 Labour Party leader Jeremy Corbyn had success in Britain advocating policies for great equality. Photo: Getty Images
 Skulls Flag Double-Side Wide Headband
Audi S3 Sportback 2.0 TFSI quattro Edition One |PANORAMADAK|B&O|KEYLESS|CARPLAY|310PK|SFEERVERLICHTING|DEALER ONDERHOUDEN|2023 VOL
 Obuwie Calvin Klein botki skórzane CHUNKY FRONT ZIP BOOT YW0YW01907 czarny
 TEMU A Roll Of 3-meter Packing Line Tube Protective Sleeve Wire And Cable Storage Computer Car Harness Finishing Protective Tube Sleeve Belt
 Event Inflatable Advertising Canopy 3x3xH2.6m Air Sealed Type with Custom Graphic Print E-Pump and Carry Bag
—————
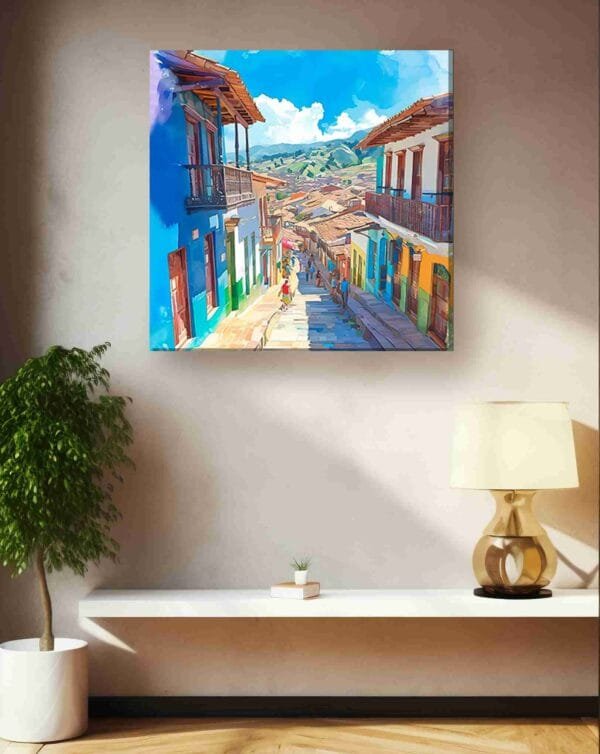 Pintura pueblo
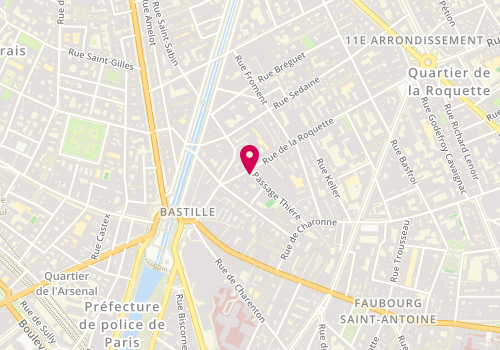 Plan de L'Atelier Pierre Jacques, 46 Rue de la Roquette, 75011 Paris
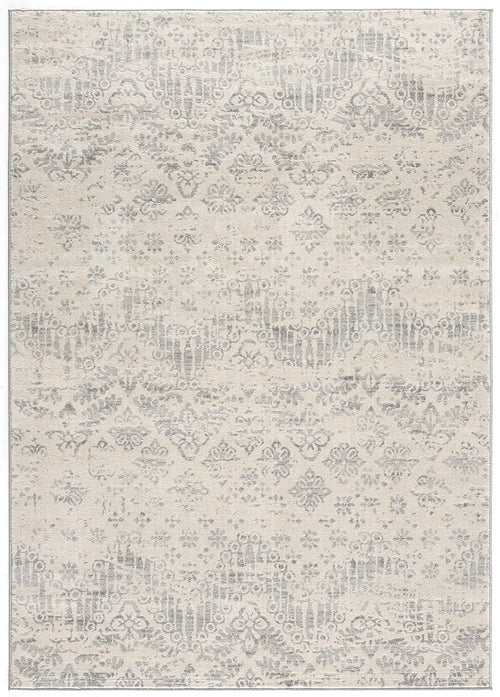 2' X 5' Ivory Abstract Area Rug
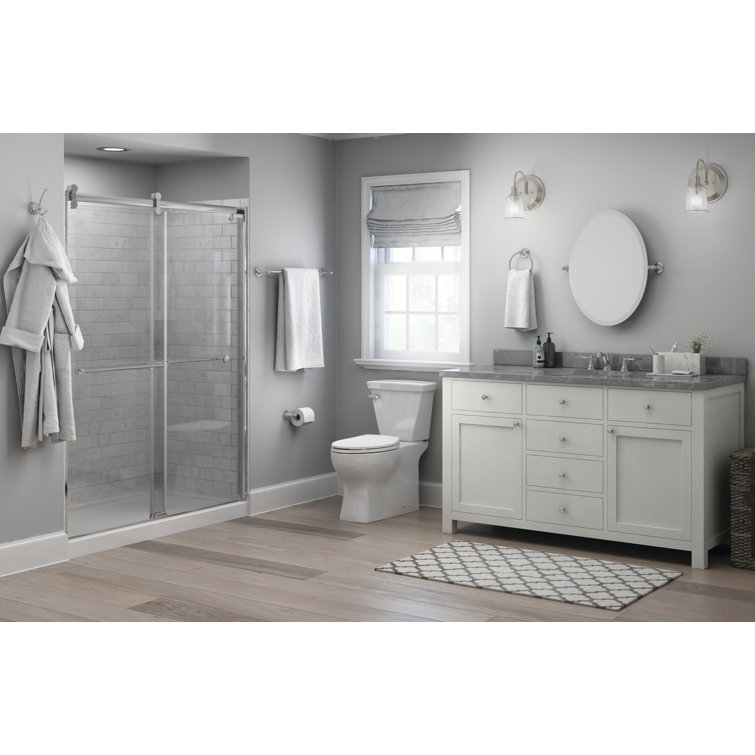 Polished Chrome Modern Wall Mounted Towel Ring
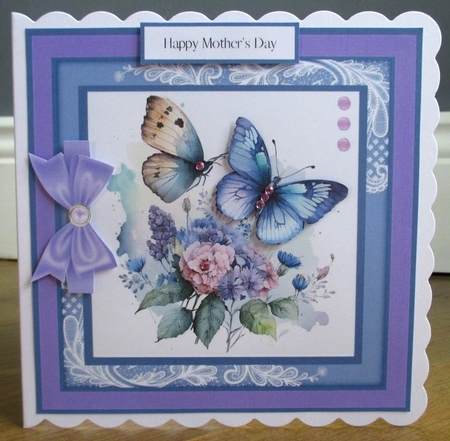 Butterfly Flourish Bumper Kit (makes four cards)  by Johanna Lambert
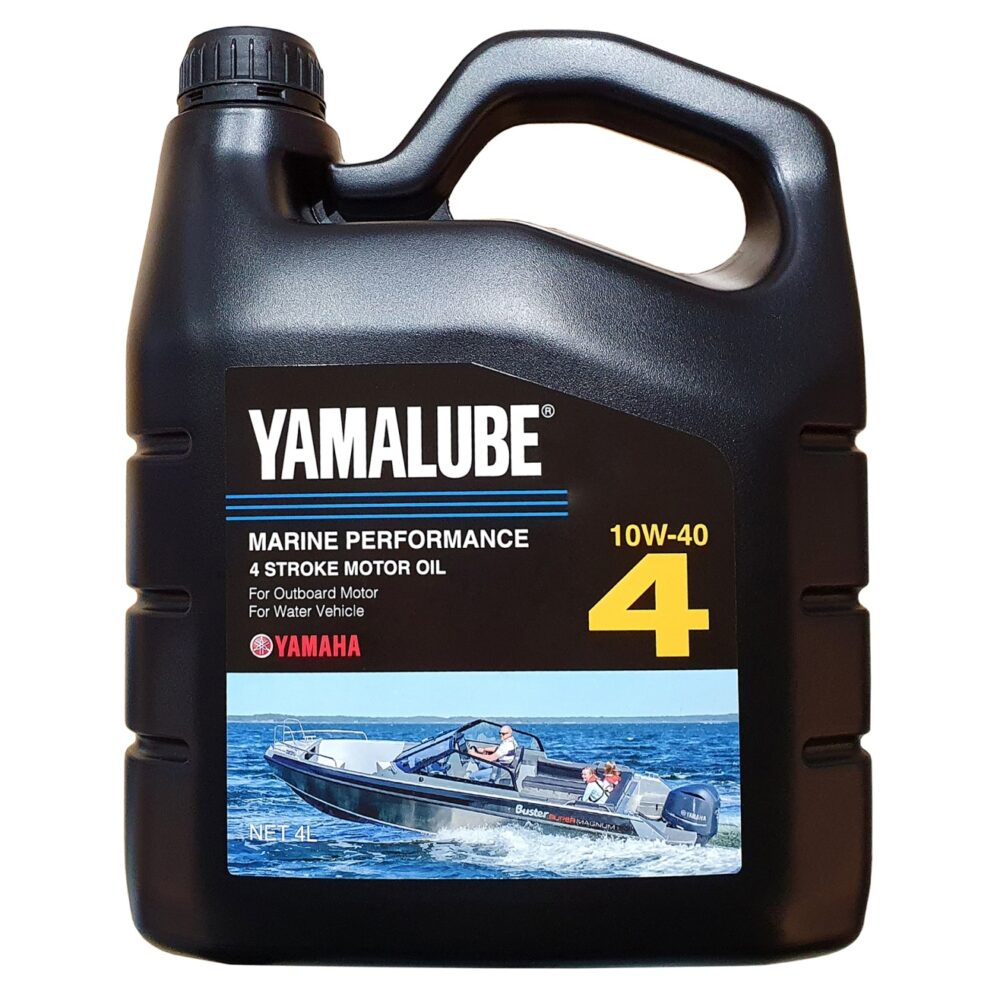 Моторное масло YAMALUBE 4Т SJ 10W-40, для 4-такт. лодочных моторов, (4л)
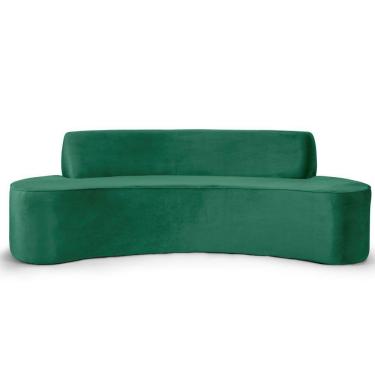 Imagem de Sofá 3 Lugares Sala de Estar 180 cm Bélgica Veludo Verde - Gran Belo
—————
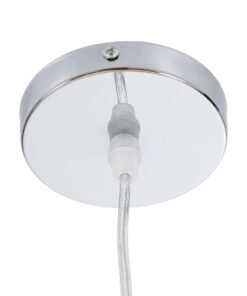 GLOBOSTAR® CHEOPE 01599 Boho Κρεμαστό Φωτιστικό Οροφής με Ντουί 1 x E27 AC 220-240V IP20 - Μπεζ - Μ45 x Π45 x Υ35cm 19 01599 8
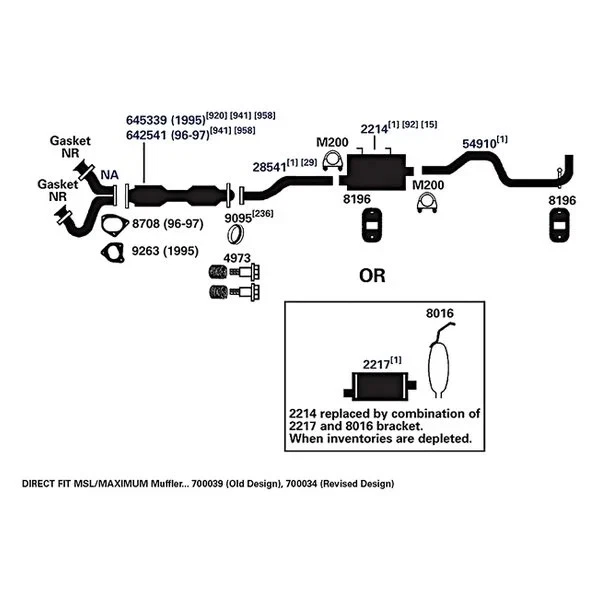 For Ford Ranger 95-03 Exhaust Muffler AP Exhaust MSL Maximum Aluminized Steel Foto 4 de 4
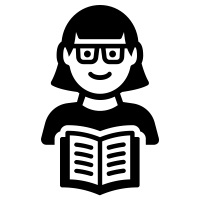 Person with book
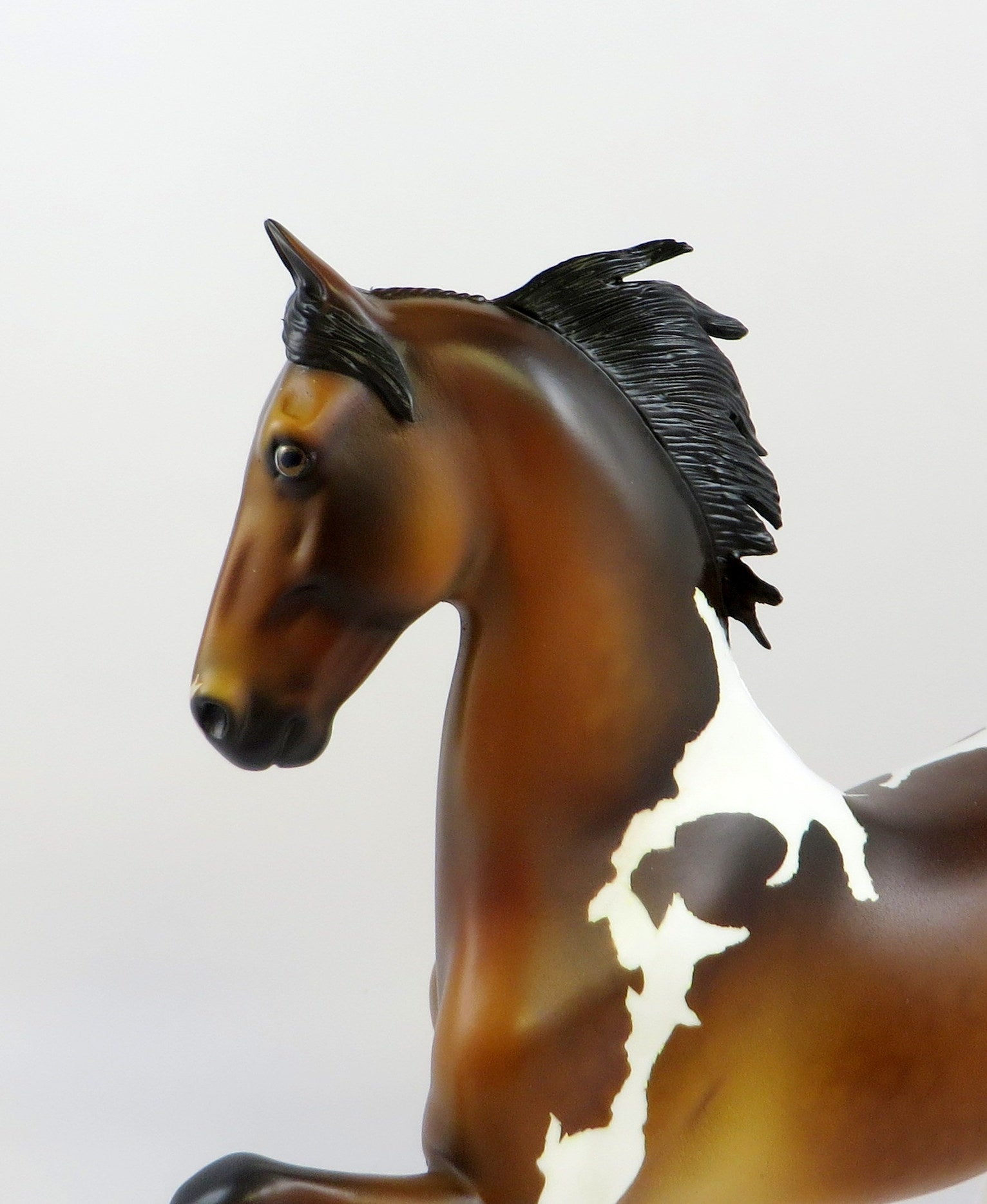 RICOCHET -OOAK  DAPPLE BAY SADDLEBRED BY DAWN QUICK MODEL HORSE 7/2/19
—————
From the records above, write out exactly the lines that begin at the line with "Butterfly Flourish Bumper" and end at the line with "Imagem de Sofá". Pictures must not appear in the output.

 Butterfly Flourish Bumper Kit (makes four cards)  by Johanna Lambert
 Моторное масло YAMALUBE 4Т SJ 10W-40, для 4-такт. лодочных моторов, (4л)
 Imagem de Sofá 3 Lugares Sala de Estar 180 cm Bélgica Veludo Verde - Gran Belo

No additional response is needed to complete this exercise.